Captioned web image data:
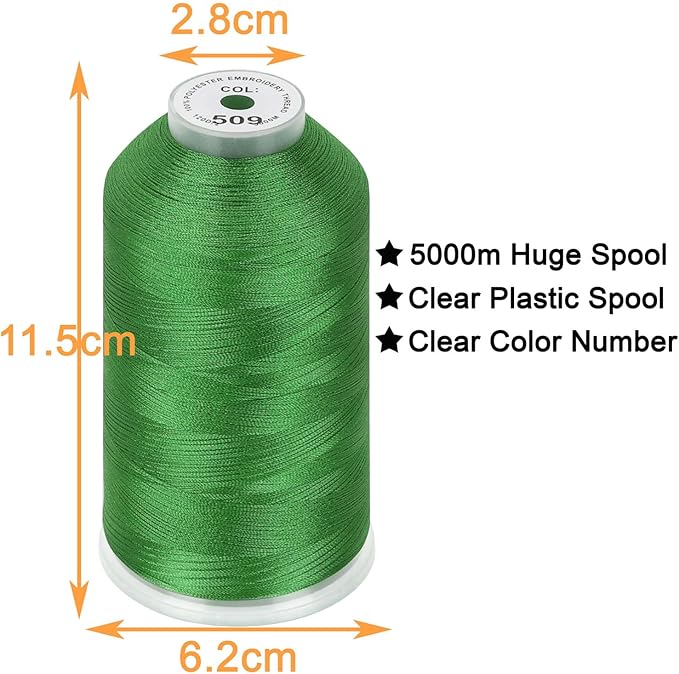 New brothread - Single Huge Spool 5000M Each Polyester Embroidery Machine Thread 40WT for Commercial and Domestic Machines - Leaf Green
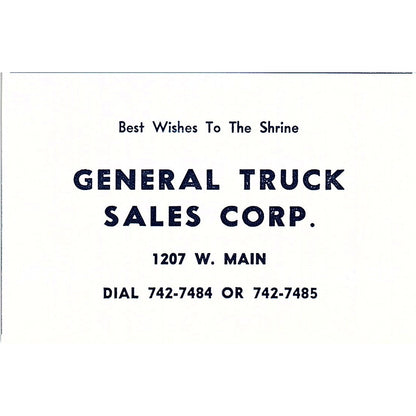 General Truck Sales Corp 1207 W. Main Fort Wayne Indiana 1964 Ad AG1-M6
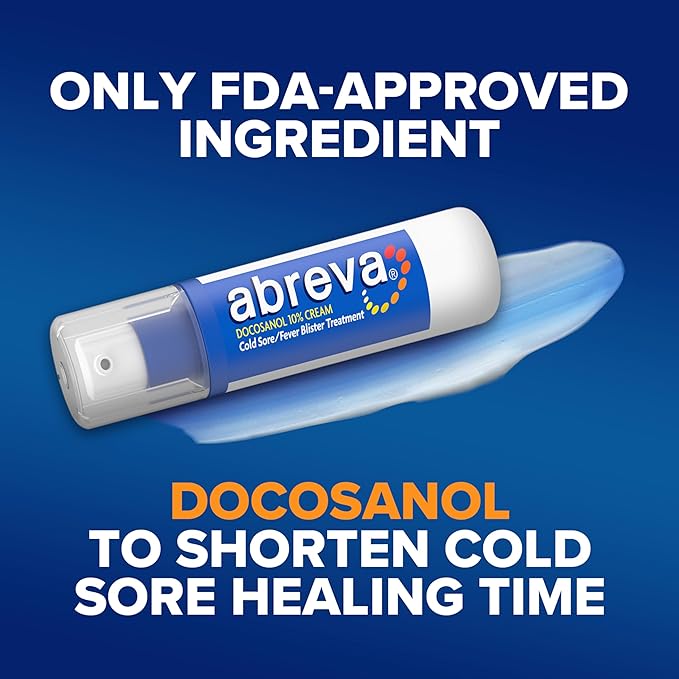 Abreva Docosanol 10% Cream Cold Sore Treatment, Fever Blister and Cold Sore Cream - 0.07 Oz Pump Bottle x 3
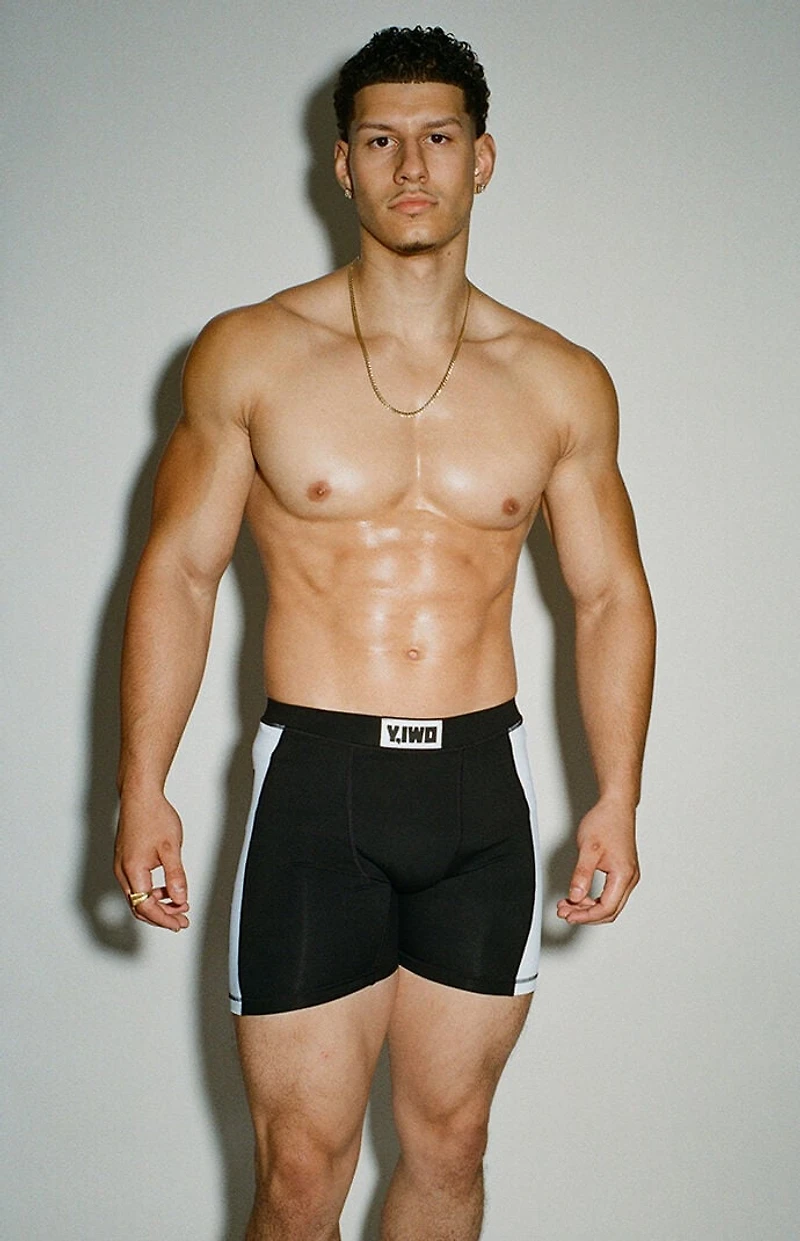 YIWO White & Black Hardwear Biker Shorts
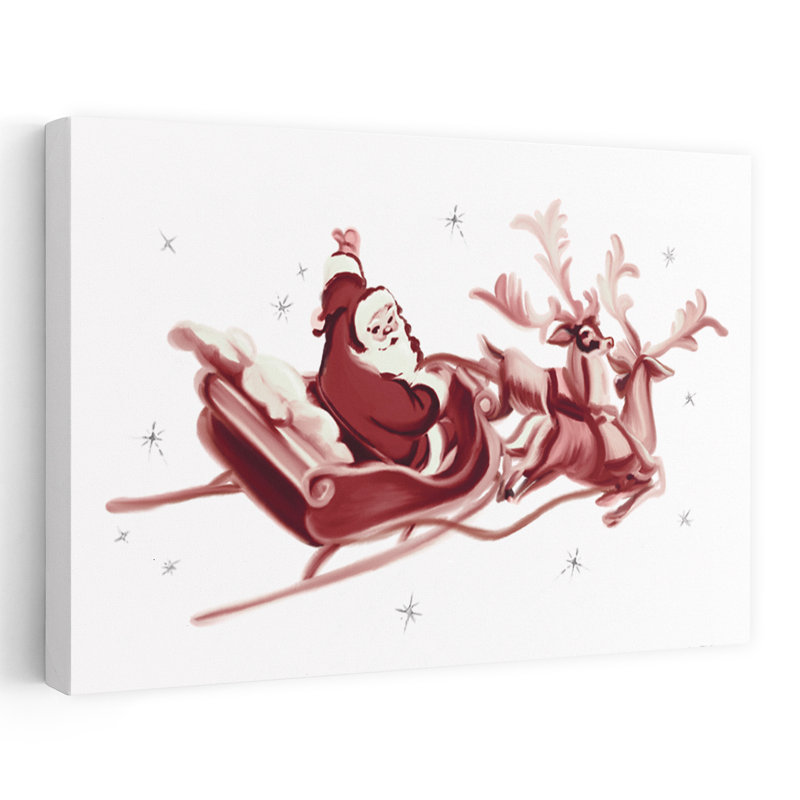 Art rétro abstrait rétro fantaisiste, père Noël, H 48 po x l 32 po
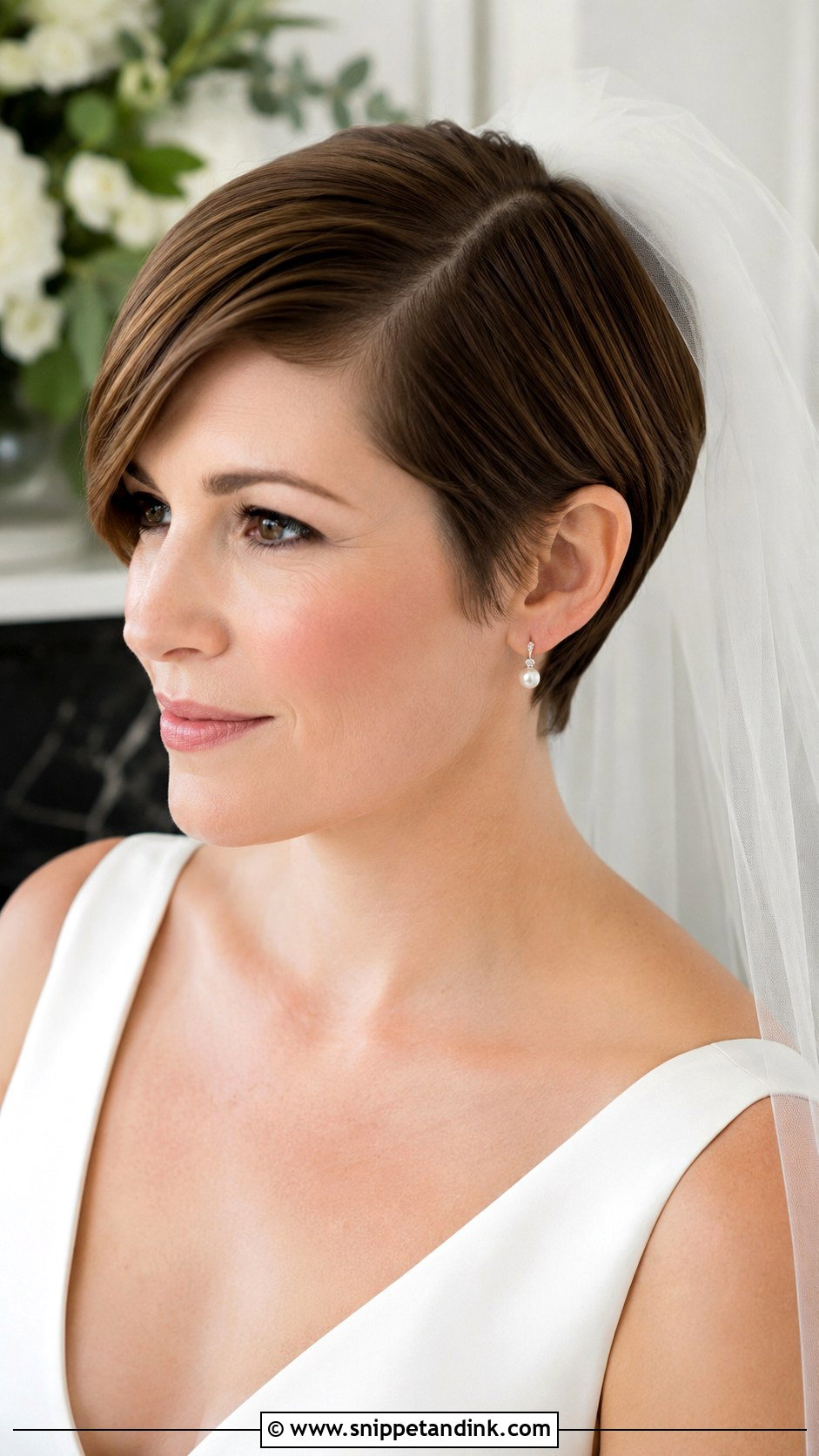 Side Part Pixie Wedding Hairstyle With Veil - Snippet and Ink - 15 Wedding Hairstyles for Pixie Haircut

_Exercise brief_
Omitting the pictures, copy each record above exactly as it stands.

_Final answer_
 New brothread - Single Huge Spool 5000M Each Polyester Embroidery Machine Thread 40WT for Commercial and Domestic Machines - Leaf Green
 General Truck Sales Corp 1207 W. Main Fort Wayne Indiana 1964 Ad AG1-M6
 Abreva Docosanol 10% Cream Cold Sore Treatment, Fever Blister and Cold Sore Cream - 0.07 Oz Pump Bottle x 3
 YIWO White & Black Hardwear Biker Shorts
 Art rétro abstrait rétro fantaisiste, père Noël, H 48 po x l 32 po
 Side Part Pixie Wedding Hairstyle With Veil - Snippet and Ink - 15 Wedding Hairstyles for Pixie Haircut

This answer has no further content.